La voie vers le rétablissement des liens diplomatiques entre les voisins de la Corne de l'Afrique reste incertaine, mais la confiance dans les efforts de médiation d'Ankara est réelle.
"La Turquie entretient d'excellentes relations avec les deux gouvernements, ainsi qu'avec le Premier ministre éthiopien Abiy et le président somalien Hassan, a déclaré M. Mohamud.
Pour cette raison, il a décrit la Turquie comme étant "naturellement un facilitateur de confiance".
Partenariats stratégiques
Je pense que le fait que les ministres des affaires étrangères de l'Éthiopie et de la Somalie aient convenu de se rencontrer à nouveau en septembre est l'expression d'une intention de résoudre la situation", a-t-il ajouté.

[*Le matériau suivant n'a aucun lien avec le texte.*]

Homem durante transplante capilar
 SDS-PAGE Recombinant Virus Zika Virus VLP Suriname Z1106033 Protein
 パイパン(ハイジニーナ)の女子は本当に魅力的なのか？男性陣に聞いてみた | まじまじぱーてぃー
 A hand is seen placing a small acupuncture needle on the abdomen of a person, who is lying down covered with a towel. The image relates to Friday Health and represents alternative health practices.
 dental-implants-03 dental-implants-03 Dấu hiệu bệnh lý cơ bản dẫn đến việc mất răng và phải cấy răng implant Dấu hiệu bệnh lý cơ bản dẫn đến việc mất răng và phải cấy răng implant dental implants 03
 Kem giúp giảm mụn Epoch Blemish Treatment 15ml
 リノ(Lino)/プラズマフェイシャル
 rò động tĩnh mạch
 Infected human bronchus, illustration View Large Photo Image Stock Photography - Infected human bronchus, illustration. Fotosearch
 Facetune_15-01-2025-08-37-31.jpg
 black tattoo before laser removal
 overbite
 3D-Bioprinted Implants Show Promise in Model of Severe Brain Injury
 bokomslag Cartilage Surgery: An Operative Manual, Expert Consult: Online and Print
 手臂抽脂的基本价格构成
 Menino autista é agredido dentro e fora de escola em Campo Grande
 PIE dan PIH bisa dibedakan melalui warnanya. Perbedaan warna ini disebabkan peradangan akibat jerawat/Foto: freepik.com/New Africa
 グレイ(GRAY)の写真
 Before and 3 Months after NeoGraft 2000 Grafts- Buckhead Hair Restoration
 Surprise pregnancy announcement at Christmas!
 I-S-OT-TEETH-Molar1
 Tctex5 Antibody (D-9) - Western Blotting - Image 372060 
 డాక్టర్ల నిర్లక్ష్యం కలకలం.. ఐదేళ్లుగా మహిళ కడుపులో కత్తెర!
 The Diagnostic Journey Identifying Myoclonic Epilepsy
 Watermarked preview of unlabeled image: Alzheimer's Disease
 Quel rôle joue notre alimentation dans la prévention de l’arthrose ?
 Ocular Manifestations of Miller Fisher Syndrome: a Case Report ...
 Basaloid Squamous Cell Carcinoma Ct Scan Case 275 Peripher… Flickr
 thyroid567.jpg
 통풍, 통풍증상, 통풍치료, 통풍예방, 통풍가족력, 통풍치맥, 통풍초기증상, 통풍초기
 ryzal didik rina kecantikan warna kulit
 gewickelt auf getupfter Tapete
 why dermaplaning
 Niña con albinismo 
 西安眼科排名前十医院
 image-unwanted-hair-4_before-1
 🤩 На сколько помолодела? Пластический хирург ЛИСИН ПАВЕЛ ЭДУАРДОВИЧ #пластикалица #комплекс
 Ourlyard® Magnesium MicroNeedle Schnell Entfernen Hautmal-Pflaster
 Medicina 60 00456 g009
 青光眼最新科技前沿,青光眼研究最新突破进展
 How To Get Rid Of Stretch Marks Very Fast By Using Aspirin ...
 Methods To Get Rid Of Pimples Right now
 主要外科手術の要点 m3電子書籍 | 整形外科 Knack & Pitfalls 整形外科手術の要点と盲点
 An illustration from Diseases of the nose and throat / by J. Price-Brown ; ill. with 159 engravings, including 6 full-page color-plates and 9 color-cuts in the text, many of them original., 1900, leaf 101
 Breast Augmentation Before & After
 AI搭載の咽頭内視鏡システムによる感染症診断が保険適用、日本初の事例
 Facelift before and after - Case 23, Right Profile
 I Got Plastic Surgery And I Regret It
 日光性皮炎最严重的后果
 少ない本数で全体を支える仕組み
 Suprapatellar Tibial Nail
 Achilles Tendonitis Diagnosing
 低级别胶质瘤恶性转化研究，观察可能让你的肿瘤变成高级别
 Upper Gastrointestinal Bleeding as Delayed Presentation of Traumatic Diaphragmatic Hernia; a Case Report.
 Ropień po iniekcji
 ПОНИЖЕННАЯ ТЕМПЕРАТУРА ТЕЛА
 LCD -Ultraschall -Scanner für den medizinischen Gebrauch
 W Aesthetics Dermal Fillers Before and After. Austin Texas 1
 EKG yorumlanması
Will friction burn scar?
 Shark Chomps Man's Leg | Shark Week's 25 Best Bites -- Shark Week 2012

La position stratégique de la Somalie est considérée comme très importante en raison de son accès à la mer Rouge et au golfe d'Aden. Le mois dernier, elle a obtenu un siège non permanent au Conseil de sécurité des Nations unies.
La Turquie est l'un des principaux partenaires de la Somalie depuis la première visite du président Recep Tayyip Erdogan à Mogadiscio en 2011. Elle forme les forces de sécurité somaliennes et fournit une aide au développement.
En février, les ministres de la défense de la Turquie et de la Somalie ont signé un accord de coopération de dix ans visant à renforcer les relations bilatérales et la stabilité de la région.
La Turquie a construit des écoles, des hôpitaux et des infrastructures et a offert des bourses aux Somaliens pour qu'ils étudient dans son pays. En retour, elle s'est assuré un point d'ancrage en Afrique et sur une route maritime mondiale essentielle.
Nous gardons espoir
L'Éthiopie est également l'un des pays africains qui entretiennent des liens économiques et diplomatiques étroits avec la Turquie.
Les analystes estiment que la résolution des tensions entre la Somalie et l'Éthiopie est cruciale pour la stabilité et le développement de l'Afrique de l'Est et au-delà, compte tenu des nombreux défis sécuritaires et économiques déjà existants dans la région.
Certains experts estiment que la résolution des tensions entre les deux pays est une tâche difficile.
Le ministre turc des affaires étrangères, Hakan Fidan, a également reconnu "la nature complexe des nombreuses dynamiques en jeu".
Il s'est toutefois montré optimiste. Le premier cycle de négociations a "permis aux deux parties d'exprimer leurs sensibilités en détail et à toutes les parties d'obtenir une meilleure compréhension", a déclaré M. Fidan.
Nous gardons espoir pour l'avenir", a-t-il ajouté.